Task details:
Everything in the records below from the line containing "If there is" through the line containing "In this video" is to be reproduced exactly, those two lines included; no picture is to be copied.

### Dataset content

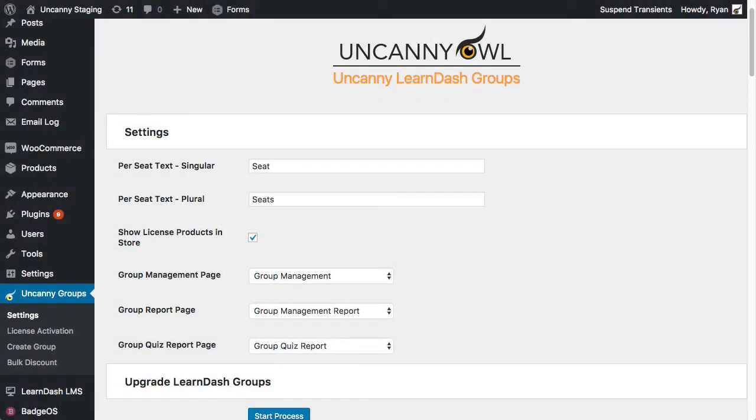Uncanny LearnDash Groups is Uncanny OWL's biggest plugin yet, and it's really going to be a game-changer for organizations that use LearnDash Groups. The plugin adds powerful features to LearnDash sites in three main areas.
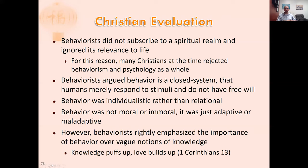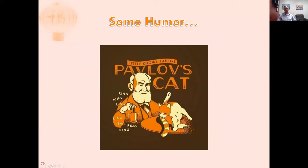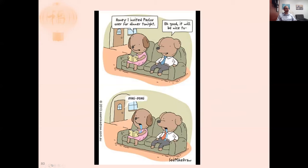I don't want to write off the behaviorists — I want to critically engage and learn from them. A little humor to close: Pavlov's cat is a little-known failure. If you own a cat, you can probably relate — our cat Halo isn't easily trained the way our dog is. And finally: 'Honey, I invited Pavlov over for dinner tonight.' 'Oh good, it would be nice—' *ding dong*. And with that, take care.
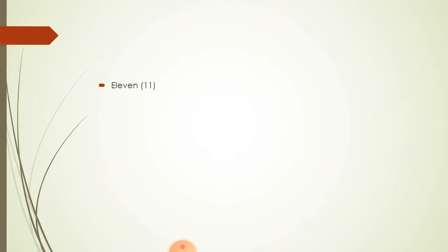We all know number names, numbers. So, we are starting with 11. 1, 1, 11. And the spelling is E-L-E-V-E-N.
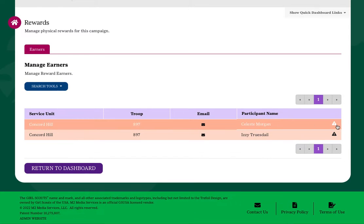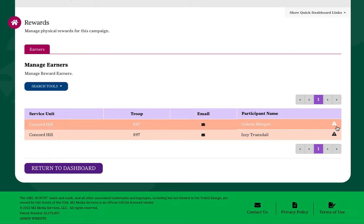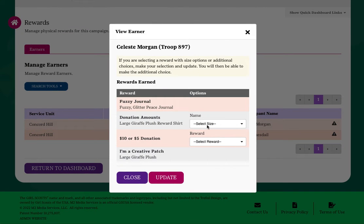If there is a triangle with an exclamation point, that's an indication that a participant is missing a choice. Either reach out to the participant to let her know she has a choice outstanding, or you can make the choice for her. Choose the preferred item from the drop-down options and click Update to save.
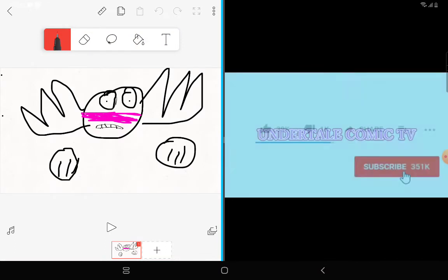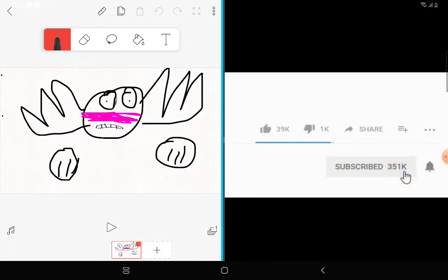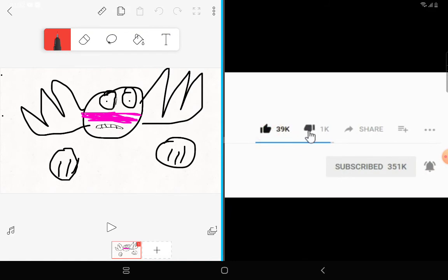Welcome to Undertale Comic TV. Make sure to subscribe and turn on notifications. That way you'll never miss a video.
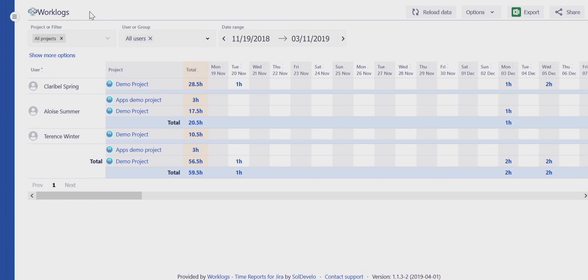Today we will be filtering data by a user or a group. All users is the default value.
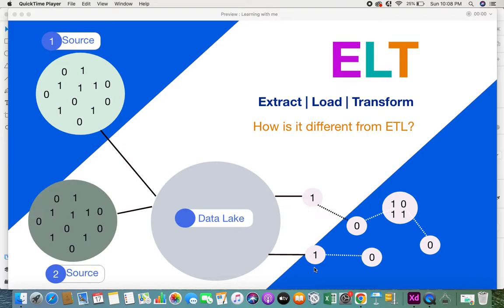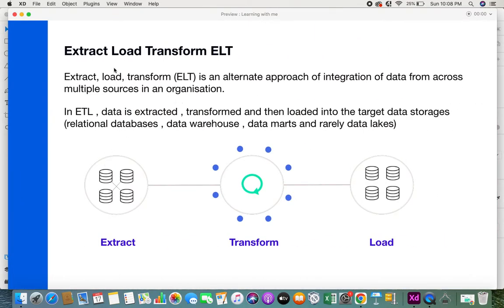In this video we'll be looking at ELT. ELT, also called extract, load and transform, is an alternate approach to integrating data from across multiple sources in an organization. Every organization has not just one software application but many applications and devices generating data, and the main aim of data integration is to bring all these sources together.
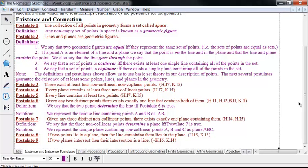Postulate 7: given any three distinct non-collinear points, there exists exactly one plane containing them. So if A, B, and C are non-collinear points, there exists exactly one plane containing A, B, and C — another of Hilbert's incidence postulates. We say that three non-collinear points determine a plane if and only if postulate 7 is true, meaning there exists a unique one with that property. We represent the unique plane containing non-collinear points A, B, and C as plane ABC. Plane ABC is the entire plane, and identifying those three points identifies that particular plane with no question.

######

Output of the exercise:
If there is a triangle with an exclamation point, that's an indication that a participant is missing a choice. Either reach out to the participant to let her know she has a choice outstanding, or you can make the choice for her. Choose the preferred item from the drop-down options and click Update to save.
Welcome to Undertale Comic TV. Make sure to subscribe and turn on notifications. That way you'll never miss a video.
Today we will be filtering data by a user or a group. All users is the default value.
In this video we'll be looking at ELT. ELT, also called extract, load and transform, is an alternate approach to integrating data from across multiple sources in an organization. Every organization has not just one software application but many applications and devices generating data, and the main aim of data integration is to bring all these sources together.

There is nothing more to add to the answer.